18.11.06

Les jouets vivants – Jean-Yves Cendrey

Dès le départ, Jean-Yves Cendrey nous fait plonger, sans respiration préalable, dans l’univers nauséabond, écœurant et sans repère d’une ferme, perdue au milieu de nulle part et où tout part à la dérive : le propriétaire, dont on comprend assez vite qu’il s’agit de l’auteur, les animaux qui se font exécuter, littéralement, parce que trop de mal-être doit s’exprimer, ce que l’on finit par comprendre après, ou le bâtiment qui part en quenouilles.

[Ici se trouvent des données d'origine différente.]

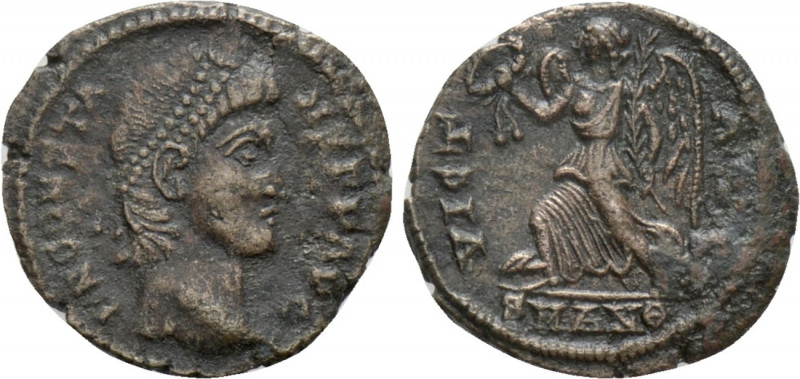 CONSTANS (337-350). Ae. Antioch. 

Obv: D N CONSTANS P F AVG. 
Diademed head ...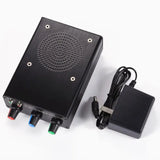 With speakers, power supply and aluminum housing, Morse Code Practical Oscillator - Automatic/Direct Trainer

Puis se dessine l’ombre gigantesque du père dont l’heure des funérailles est arrivée. Une cérémonie à laquelle l’auteur refusera de se rendre, saisissant un faible prétexte qui se donne à lui, presque par hasard.

On devinera petit à petit que ce père fut odieux, pervers et con. Les comptes ne sont pas encore complètement réglés entre son fils, malgré lui, et ce père, haï.

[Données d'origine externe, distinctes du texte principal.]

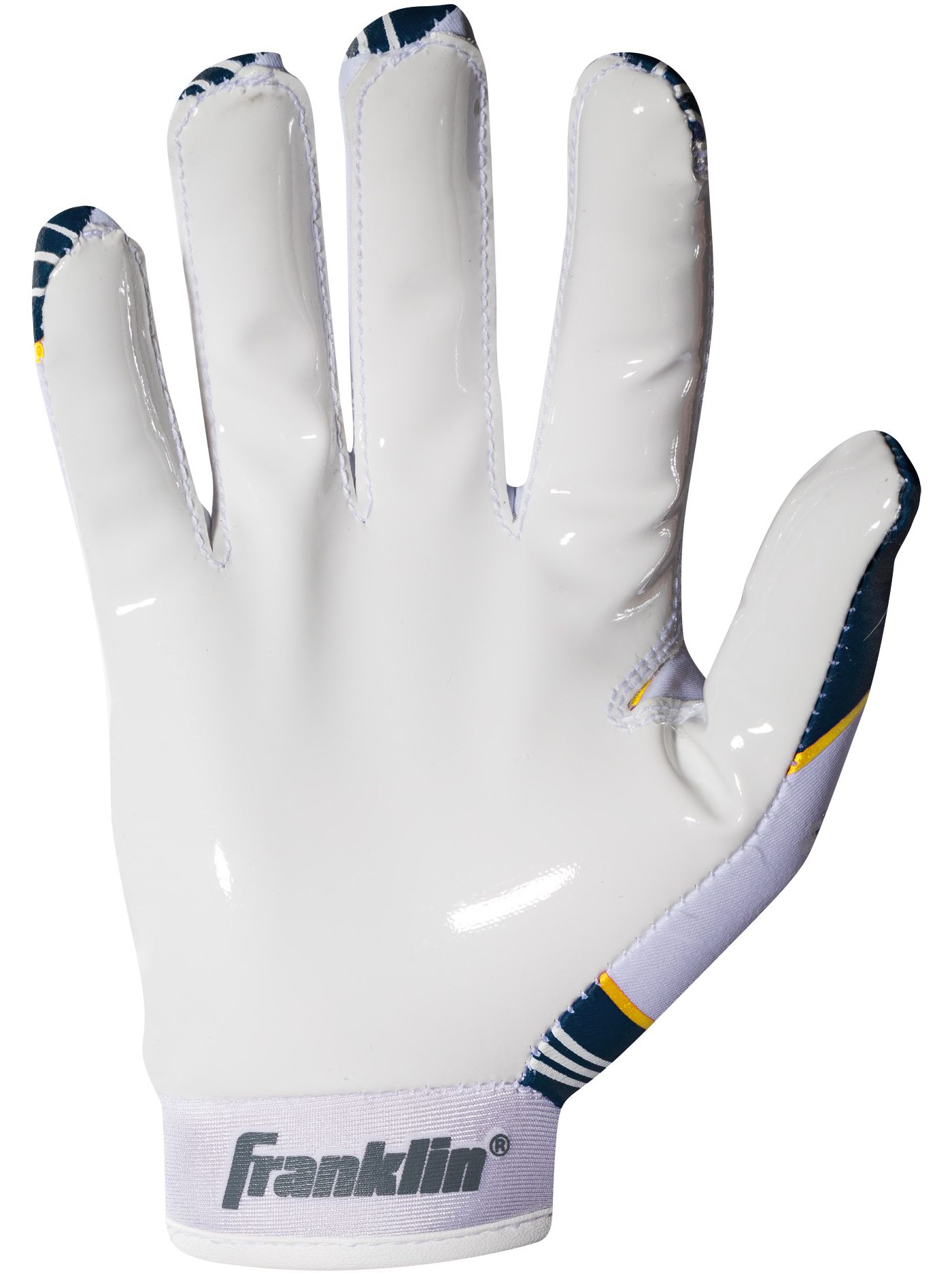 Franklin Los Angeles Chargers Youth Receiver Gloves Dick s Sporting Goods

De là, l’urgence d’une vie nouvelle s’imposera. Le choix de la bourgade de X, en pleine Normandie, du côté de Bayeux, qui se fera uniquement parce que le budget des jeunes acheteurs ne permettait pas d’autres fantaisies et que ce jour là, sous un rare soleil, la bourgade parut charmante. Tromperie sur la marchandise…

L’enfer va se révéler par petites touches, dans la maison acheté d’abord, puis celle bien plus grande, collective, comme une maladie honteuse, exposée à la face de tous.

Le livre de J.Y. Cendrey est d’une totale férocité. Il met à nu la loi du silence qui peut régner tout autour de nous même quand tout le monde sait mais que personne ne veut voir, dire ou agir.

Il faudra le courage, puisé dans l’enfance de l’auteur qui a su y trouver les ressources pour oser vivre, pour que celui-ci amène les victimes de l’Enseignant pédophile à révéler l’indicible, à accepter de dire puis de porter plainte et de témoigner à charge.

J.Y. Cendrey décrit par le détail, de façon obsessionnelle et journalistique, l’incroyable capacité de l’Education Nationale et des Institutions à nier les faits, malgré les preuves accablantes, à traiter les affaires de pédophilie, apparemment suffisamment nombreuses partout en France, par la mutation et les petits arrangements. Tout le monde couvre tout le monde. Surtout pas de vague. Surtout se taire ou se barrer. Un véritable scandale public.

L’auteur ne nous épargnera aucun détail scabreux dans cette affaire précise et se débat avec l’énergie révoltée du désespoir pour abattre toutes les barrières que l’Administration a su imposer jusque là et qui ont cloué le bec des rares parents qui avaient osé émettre l’hypothèse d’actes pédophiles. Un enseignant pédophile au casier vierge, si j’ose dire : vous n’y pensez pas !

Tout le monde se tait : les médecins, les psychologues, la police, l’académie, le ministère. Mais rien n’arrêtera Cendrey. Malgré les bourdes de la gendarmerie nationale, malgré la probable volonté de la justice régionale d’étouffer l’affaire, malgré le silence des autorités en général. Avec l’aide des victimes, l’appui de la presse, la justice va enfin se mettre en œuvre, le village en action.

Grâce à lui, qui va agir comme un catalysateur, ceux qui croyaient devoir se résigner à vie vont oser se dresser, s’organiser, lutter.

Le procès s’en suivra avec à la clé une lourde condamnation pénale.

La plume de Cendrey est féroce, parfois drôle, par dérision, sa volonté inébranlable. Il en sort un livre dur, crû, essentiel après lequel il est impossible de dire qu’on ne peut rien faire dans de telles situations. Un livre qui a le mérite d’exposer les droits et les devoirs de chacun et de nous mettre tous, en tant que citoyens, face à nos responsabilités.

Ne cherchez pas à le lire d’un trait. Il y a trop d’informations, trop d’horreur pour cela. Donnez-vous le temps d’accepter, d’écouter ou d’entendre selon vos capacités. Prenez et reposez, à votre rythme.

On pourrait lui reprocher certaines longueurs, certaines dérives incompréhensibles (la mort de « Sophie » par exemple) pour les non-initiés dont j’avoue faire partie.

Mais c’est aussi une catharsis pour Cendrey, un long atelier d’auto-écriture pour évacuer.

A prendre comme tel, avec ses qualités (sa documentation, sa profondeur, son sens de l’analyse) et ses défauts (la personnalisation permanente, le manque vraisemblable d’objectivité, de nombreuses longueurs). Pour comprendre et savoir. Pour voir ce qui nous est caché.